Spurs Second Half Comeback
This is perhaps the biggest cliché in English sport – but it could hardly be more apt in this case.
Spurs came out looking like a different team as soon as the second half began, with Ivan Perisic smacking the ball off the woodwork for a second time after 48 minutes. Eric Dier pushed forward down the right side with some success, keen to make amends for his earlier error.
Conte made no changes to the personnel, nor the shape of his team. What had changed was their intensity and attacking intent.
However, for the next 20 minutes, the issue became the final ball and the execution at crucial moments. No one was more to blame for this than Emerson Royal.
The Brazilian wing-back consistently found himself in space on the right-hand side, but this may as well have been a deliberate tactic from Klopp because his delivery was about as effective as a chocolate teapot.
One particular cross in the 56th minute, whilst afforded the freedom of the city, was closer to reaching the international space station than the head of Harry Kane.
The continued selection of Emerson Royal is inexplicable, as his shortcomings as an attacking full-back are closely rivalled by his defensive inadequacies.
The game was therefore further changed with the introductions of Matt Doherty and Dejan Kulusevski in place of Royal and Sessegnon.
Harry Kane had been having an intriguing battle with the excellent Konate throughout the match, but to be at his best he requires players alongside him to offer pace and penetration.
Kane often drops deep whilst playing his hybrid 9 / 10 role, with a superb range of passing when there is movement ahead of him.
The introduction of Kulusevski reaped immediate dividends, as he created a superb goal finished by Kane within two minutes of coming on. The Swedish forward dribbled with menace around the edge of the area, before threading a pass to the England captain. Kane shot with precision into the far corner, and the momentum was firmly with Spurs.
As the game wore on, Liverpool offered increasingly little in attack, to the point where they reverted to having only Salah up front, dropping deep in order to defend their lead.
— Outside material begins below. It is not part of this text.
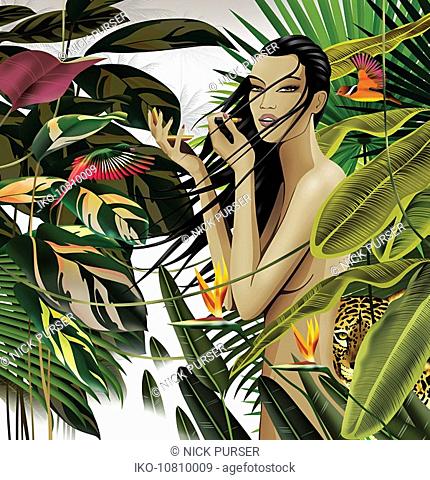 Nude woman in tropical setting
Fitness must have played its part in this, as Spurs were the side playing with urgency compared to Liverpool’s weariness and heavy legs.
Liverpool looked shattered – but deserve credit. Spurs did gain some presentable chances, but almost exclusively from set pieces.
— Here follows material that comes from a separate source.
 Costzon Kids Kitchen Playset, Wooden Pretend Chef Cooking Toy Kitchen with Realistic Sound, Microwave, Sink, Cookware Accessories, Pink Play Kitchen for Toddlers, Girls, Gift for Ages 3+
Clement Lenglet should have scored with a header in the 79th minute. Bentancur went close with another header a few minutes later, and again from a Harry Kane flick on after 87 minutes.
Ultimately, though, Liverpool were able to repel the onslaught, with Alisson Becker once again proving his worth, particularly in robustly dealing with a strong aerial challenge with Matt Doherty.
Crucial Victory For Liverpool
This represents a vital result for Liverpool in the context of their stuttering season.
They have again proven their ability to raise their game against tough opponents, having recently beaten Man City and Napoli.
They must return, though, to winning ways against the lesser teams and their packed defences in order to climb the table towards more familiar territory. This result lifts them to 8th position, 7 points off Tottenham in 4th place.
For Spurs, their fans will be deeply frustrated at their inability to perform for 90 minutes.
There is clearly a problem with the mindset of the players in the first half.
The lineup certainly didn’t help though, and Conte should not be blameless. They are, of course, blighted by injuries and sorely miss the options of Richarlison, Heung-Min Son, and Romero in defence.
Kulusevski was not fit to play 90 minutes – but his inclusion, or even the pace of Lucas Moura from the start, could have altered the pattern of the opening period.